Wednesday, June 25, 2008
Juneau What I'm Sayin? Myanmar Learns a Lesson In Politricks
The New York Times published a browbeating article yesterday about the new capitol city of Myanmar, Naypyidaw. Myanmar's former capitol was Yangon, a city of 6 million which lies near the coast of the Bay of Bengal. The new capitol, built in secret and unveiled in 2005, lies some 500 miles north deep in rural, impovershed, farmland; far removed from prying eyes to further entrench the power of the military, which has ruled the country since a coup in 1962. Impenetrable to all, save perhaps Rambo.
The Times sums up its view of the situation thusly, "…the transfer of the entire bureaucracy to this relatively remote location, where malaria is still endemic and cellphones do not work, has drained the country’s finances and widened the gulf between the rulers and the ruled."
We in the West could leave it at that, shaking our heads and "tsk-tsking" at this latest move away from any semblance of an open or democratic government. Except, really, is the military junta's decision to move deeper into seclusion and secrecy all that different from America's decision to move our capitol to D.C. or where our states have chosen to place their capitol Or, to paraphrase a great 1980's anti-drug ad, "I learned it from watching you dad!"

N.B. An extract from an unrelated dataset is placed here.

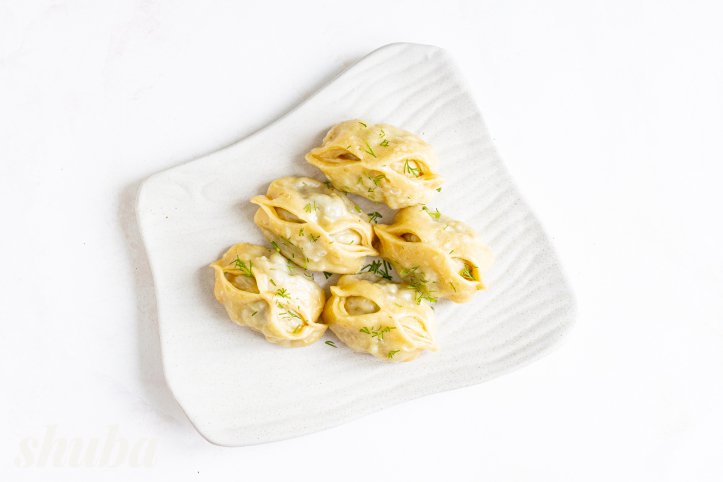 манти з яловичиною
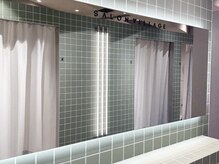 Riley【ライリー】【7/1 NEW OPEN（予定）】の雰囲気（メイクスペースあり お出かけ前のご来店もおすすめです♪）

In one of the early victories for Jeffersonian rural/agrarian philosophy over Hamilton's urban/finance philosophy, the two agreed to move our young nation's capitol to what would become Washington, D.C., then sparsely populated swamp land, in exchange for the Federal Government's assumption of the states' war debt.
Almost all of our major states have their capitol cities deep in the sticks, Sacramento, California; Austin, Texas; Tallahassee, Florida; Albany, New York; Springfield, Illinois; Harrisburg, Pennsylvania. And Juneau, Alaska takes the cake; you can only get there via plane or boat.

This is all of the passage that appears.